Residents in the community where Olivia Pratt-Korbel was gunned down have described how they have started wearing makeshift bullet-proof vests to go to the shops because they are so frightened of gun crime.
A deadly arms race across Merseyside has seen feuding gangs resorting to military grade weapons as they vie for superiority and territory in the lucrative drugs trade.
Nine-year-old Olivia was gunned down in her home by a stray bullet fired by gangster Thomas Cashman as he recklessly pursued a rival on Aug 22 last year.
But that shooting was just one of 49 on the streets of Liverpool in 2022, with five of the incidents resulting in fatalities.
Beautician Elle Edwards, 26, was shot in the head on Christmas Eve while dancing at the Lighthouse pub in Wirral.
Council worker Ashley Dale, 28, was killed on Aug 21 when armed men burst into her home looking for another man and began firing multiple shots “indiscriminately”.
Sam Rimmer was killed on Aug 16 after gunmen on electric bikes rode into a cul-de-sac where the 22-year-old was standing with friends and opened fire.
Jackie Rutter, 53 died in the early hours of 30 Oct last year when a man burst through the door of her home and shot her in the chest in Meadowbrook Road, Moreton.
The rise in the number of innocent people being caught up in the crossfire has resulted in some people taking drastic action.
One resident of Dovecot, where Olivia lived, said: “They nearly hit my husband in the head when they were shooting the other day. It hasn’t been better since Olivia.
“They are still shooting randomly. It’s not only happening in their world anymore it’s hard-working people who are getting caught.
“I wear a helmet sometimes and a vest that my husband made me. Going to the shops is dangerous. They don’t care and neither do the police.”
Asked why Liverpool was seeing a rise in the number of innocent people being caught in the crossfire, Detective Chief Superintendent Mark Kameen, Head of Investigations at Merseyside Police, said weaponry was changing.
Mr Kameen said: “We had 49 discharges last year, five of those were homicides. When we look at the other 44, they were injury discharges and damage to property. Anyone of those could have resulted in another homicide.
“We had people firing at cars driving past, putting bullets through windows or people’s front doors – anyone could be behind.
“That’s just the madness and complete lack of moral compass these people have we are dealing with.

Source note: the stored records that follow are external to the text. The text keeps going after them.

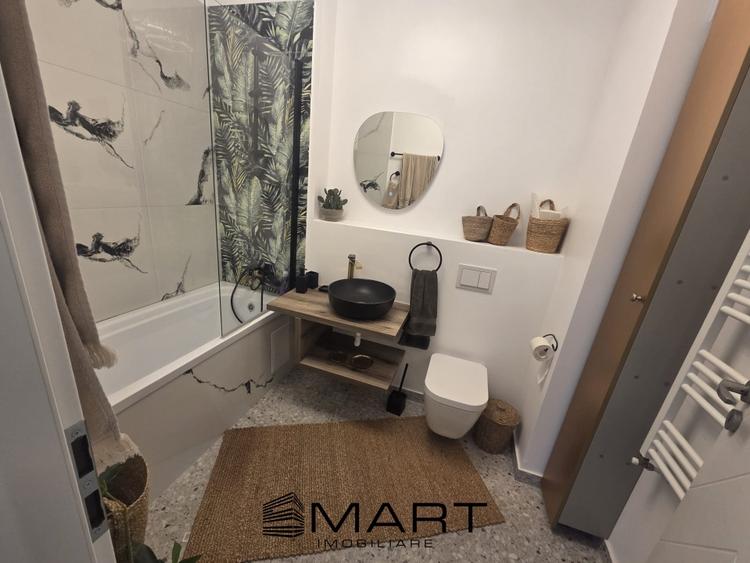 Penthouse la cheie cu 4 camere in Piata Rahovei - 10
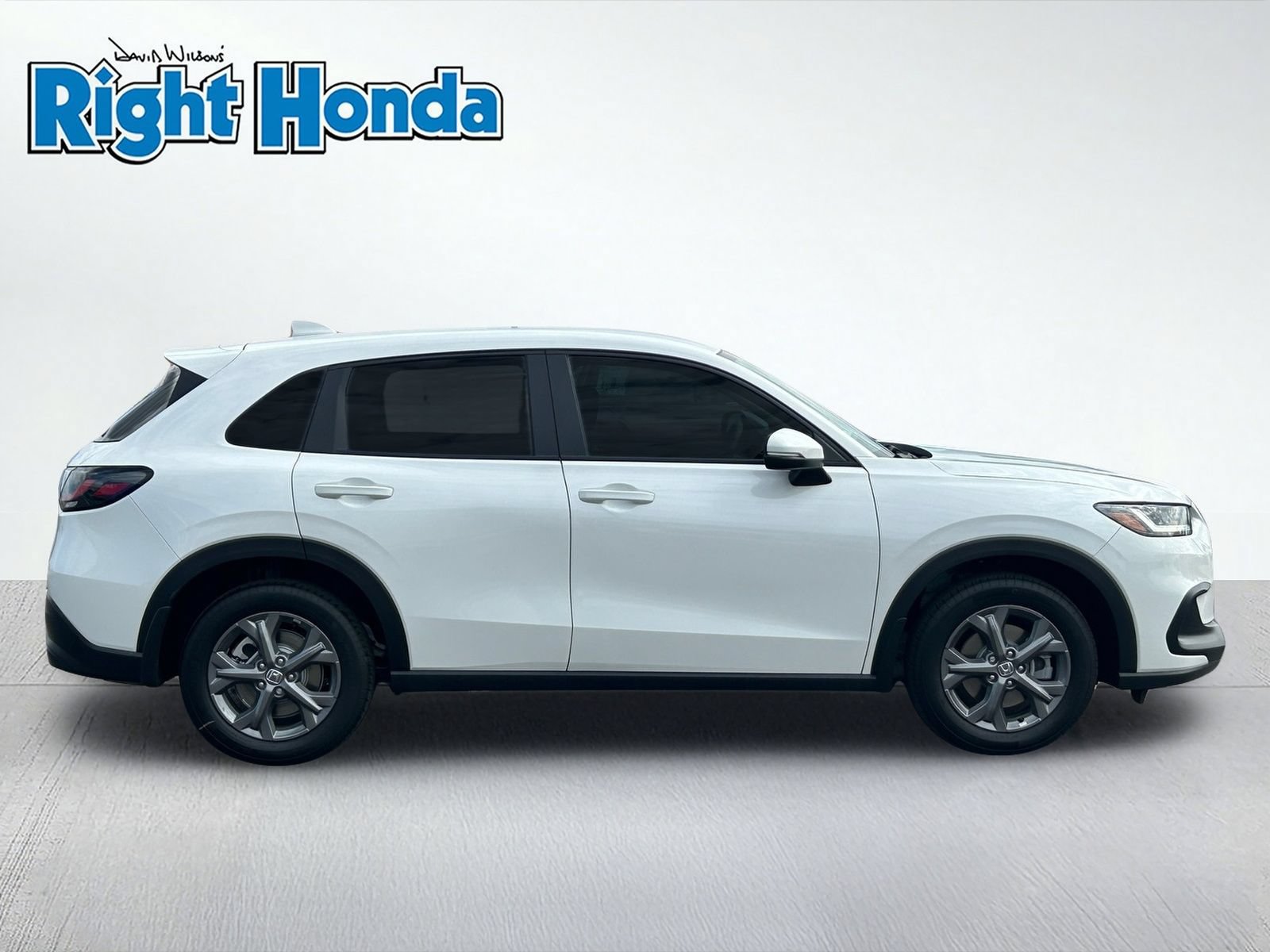 New 2026 Honda HR-V LX image 7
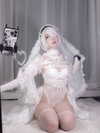danielle.mercedie Altpins Profile Picture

The other factor is some of the weaponry is changing.”
Mr Kameen said Czech-manufactured Skorpion machine pistols had been used by criminals in the UK over the past two years.
The weapons are capable of discharging 850 rounds a minute.
He continued: “If you start bringing that sort of battlefield military weaponry into communities and discharging it… You add that to the chaotic nature, lack of training, no moral compass, that’s where you get now the last three times a Skorpion has been used in Merseyside someone’s been killed every single time.
“Is it any wonder when this gun’s firing 12 or 13 rounds in less than a second?”
Neither of the firearms used in the shooting of Olivia, a glock pistol and a 0.38 calibre revolver have yet been recovered.